И в этом случайном восклицании определилась характерность случившегося. Я запомнил это потому, что как-то внутренне согласился с Левиным в его товарищеском и горьком возгласе. Да, Орлеанский Мужчина, одержимый, безудержный, самоотверженный. Верящий самозабвенно в свою миссию защиты Родины–революции от всех врагов и недоброжелателей. И становящийся преданием сейчас же после первого своего появления.
А что он стал преданием раньше смерти, этого не надо доказывать: столько споров, столько шума вокруг имени не было ни у кого из поэтов при жизни. А после смерти? И после смерти он продолжал возмущать умы.
Я шел в один из первых посмертных дней Маяковского по бывшему еще в целости Охотному ряду. Шел еще не в себе, с затуманившимися мыслями. Думал о нем, так как ни о чем ином нельзя было думать. И вдруг навстречу мне, именно по Охотному ряду, возник типичный охотнорядец, рослый, матерый, с красной рожей, пьяный в дым, не державшийся на ногах прочно, с распаленными остановившимися глазами. Он шел, как будто прямо устремляясь на меня, как будто зная меня, выкрикивая страшные ругательства, прослаивая их какими-то фразами, смысл которых начал прояснять и направленность этих ругательств. "А! Застрелился, а?! А две тыщи фининспектору оставил передать! А? Да дай мне эти две тыщи, какое бы я кадило раздул, а?! Вот так его и растак! Две тысячи фининспектору!" Речь шла о предсмертной записке Маяковского.

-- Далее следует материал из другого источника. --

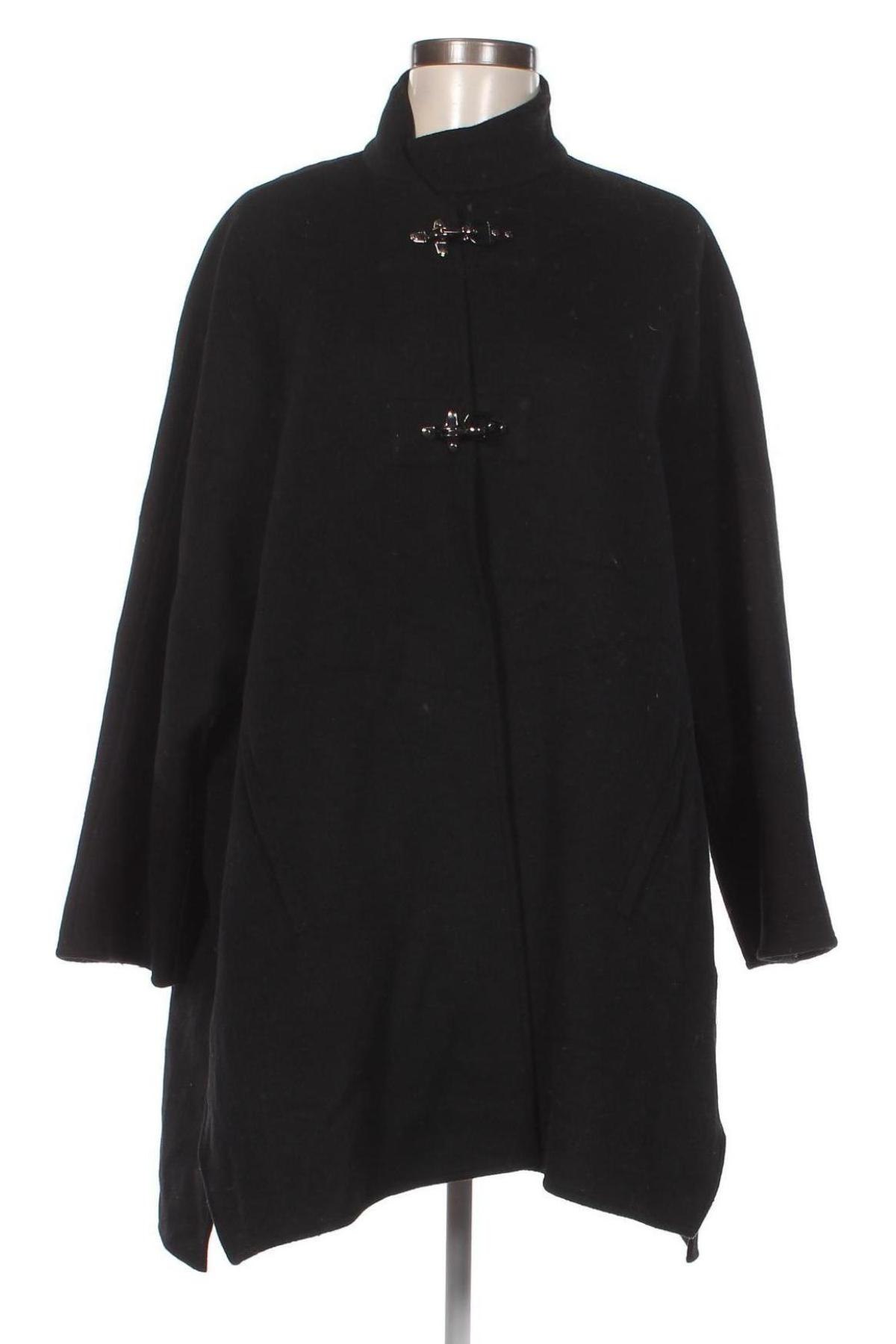 Dámsky kabát  Zara, Veľkosť S, Farba Čierna, Cena  13,11 €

Это было страшно. Как будто вся старая, слежалая подпочва Москвы поднялась на дыбы и пошла навстречу, ругая и грозясь, жалуясь и обижаясь. Он шел прямо на меня, как будто найдя именно меня здесь для того, чтобы обрушить лавину ругани и пьяной обиды.

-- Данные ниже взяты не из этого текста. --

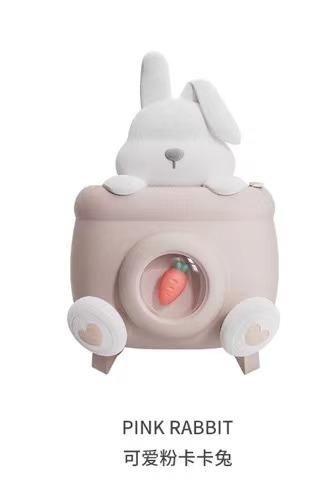 【小家电】GERM格沵卡卡兔抱抱熊旅行包HF 商品图7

Пошлость, не оспаривая его у жизни, оспаривала у смерти. Но живая, взволнованная Москва, чуждая мелким литературным спорам, стала в очередь к его гробу, никем не организованная в эту очередь, стихийно, сама собой признав необычность этой жизни и этой смерти. И живая, взволнованная Москва заполняла улицы по пути к крематорию. И живая, взволнованная Москва не поверила его смерти. Не верит и до сих пор.